Posts Tagged ‘grading’

Designing and Using Grading Forms for On-line Assignments

Apr 21, 2008 at 9:09 am, normaengberg

“Designing and Using Grading Forms for On-line Assignments”

Purpose of presentation: The target audience is on-line instructors in any discipline who are troubled by our current students’ two great writing issues: failure to observe the manuscript conventions of written Standard American English and conscious or unconscious plagiarism. Using grading forms also makes it easier for instructors to provide individualized feed back, something that surveys of on-line students report that they crave.
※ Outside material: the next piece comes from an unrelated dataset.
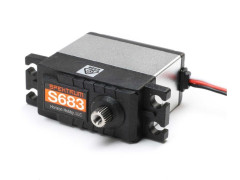 (SPMS683) Spektrum servo S683 voděodolné MG 25T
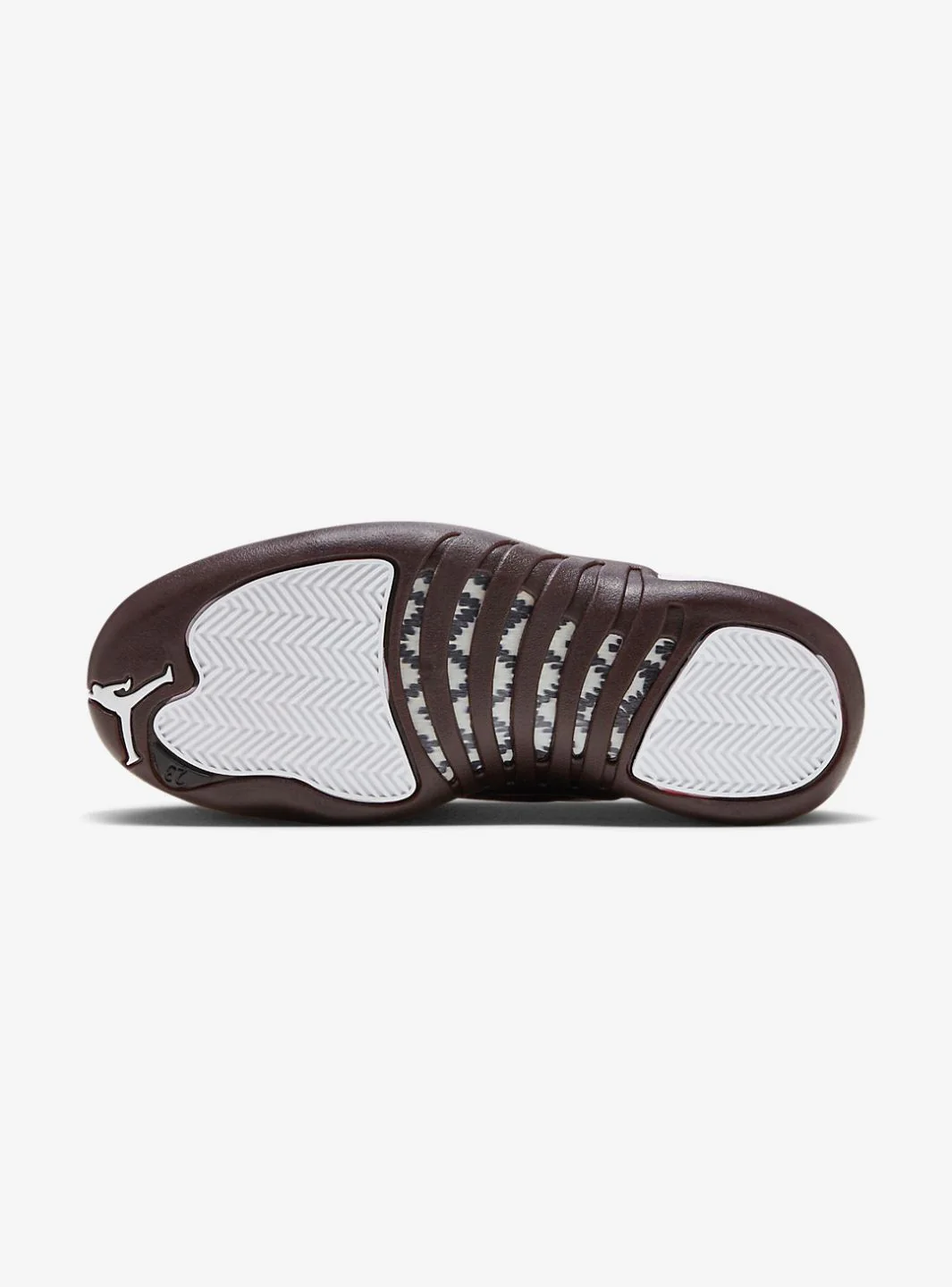 Air Jordan 12 Retro SP A Ma Maniére White - Image 8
Objectives of the presentation: Dr. Engberg (assisted by Judith Osterman and Robert Behunin) will describe the grading form and its uses. Here is what one might look like: it is a chart with at least four columns and four-to-ten rows. The left-hand column lists the criteria that are to be applied. The remaining columns, moving from left to right across the chart, are labeled at the top “Excellent,” “Hits the Mark,” and Misses the Mark.” The columns thus labeled describe what constitutes (1) an excellent performance of each criteria, then (2) a minimally acceptable performance, then (3) failure; in other words, “A” work, “C” work, and “F” work.
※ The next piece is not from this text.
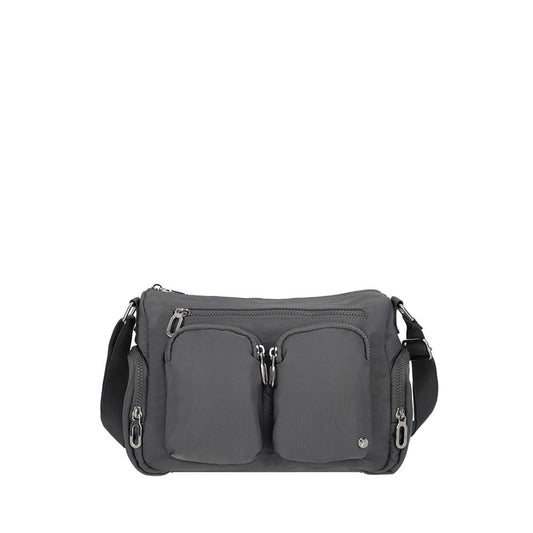 Cartera LUCCA 3XT GRAPHITE GREY M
Blackboard’s WebCT Vista 4 provides a grading form tool which permits alteration of the default example to increase the number of rows up to seventeen and the number of columns up to seven. The criteria descriptors and column headings can also be customized. Once a form is designed, the Vista 4 computer program will attach it either to an assignment in the Discussions tool or in the Drop Box tool. Subsequently, the computer program presents a blank copy of this grading form for the instructor to use in grading each student’s submission; the resulting numerical grade is stored in the Grade Book, and the completed form is made visible to the student. If the class platform does not provide a Grading Form tool, the form may be built in WORD, marked and totaled manually, and sent to the student as an attachment to an e-mail.

Practical applications: The advantages of using grading forms for the instructor are many. When the criteria are divided about half and half between form and content, the grading form guides the instructor’s response to both. The content criteria can be tailored to each different assignment. Indeed, the more specific the content criteria are, the easier the form is to use. Thus, the forms are adaptable to many disciplines beside English.
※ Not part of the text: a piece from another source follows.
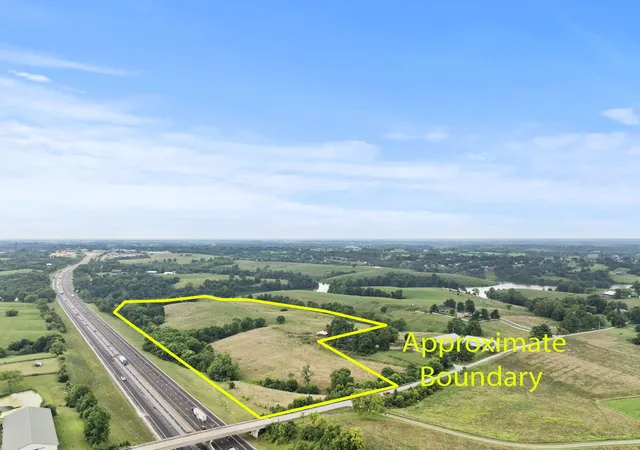 Photo 2 of Land for sale at 1050 Bannister Pike, Dry Ridge, KY 41035 | MLS# 26005055 | Listing updated on 2026-03-16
There are also advantages for the students. In Vista 4, the computer program automatically makes grading forms available to students within the tool where the response is to be posted. If this does not happen, the instructor can send copies of the WORD version of the grading form to the students as an attachment or store a copy for them somewhere on the class site. Then, prior to submitting the assignment, students will know what the assignment’s objectives are. They can even estimate their own grades by judging their work the same way the instructor will.

Relationship to the conference theme: This presentation fits under the “Teaching methodology–Educational assessment” heading.

Information to support what is advocated: Dr. Engberg was asked by UNLV’s Director of Distance Education, Judith Osterman, to experiment with grading forms in her junior-senior level on-line classes during academic year 2007-8. During the fall semester, she tried out a generalized grading form for 500-word essays in Mythology, and Religion in Literature, but also designed separate forms for seven grammar topics in Principles of Modern Grammar. She also tried them on both language- and literature-topic papers of 1800-2200 words. During the spring semester, she designed and used specific grading forms for seven different 500-word essays and one lyric explication paper in Middle English literature, and for six exercises and three papers in Linguistics for English Majors. Also, for the spring semester, she set up a test project with Dr. Robert Behunin (Utah State University) to compare the grading of 500-word essays as he was accustomed to do it in his on-line Mythology class against the results attained by using grading forms.

2nd-Day Hands On: “Trying out Grading Forms”
Participants, working from descriptions of two actual on-line assignments, will discuss designing grading forms for these two assignments. Then, they will be given two student written responses to each of these two assignments so that they may try using their grading forms on actual student work.[If we have a computer lab, we will build WORD tables; otherwise we will use blank tables on paper. Calculations will have to be done by hand.]

Biography
Now in her thirty-ninth year of teaching at UNLV, Dr. Engberg received her Ph.D. in English Philology from the University of Pennsylvania in 1969. Her specialties include Old and Middle English language and literature, Latin, Descriptive Linguistics, Mythology, and Bible as Literature. She developed her first on-line course (Mythology) in WebCT in 1999; since then she has developed ten additional Sophomore, Senior and Graduate level courses plus introductory Latin and now teaches entirely on-line using Web Campus (Blackboard/WebCT Vista 4.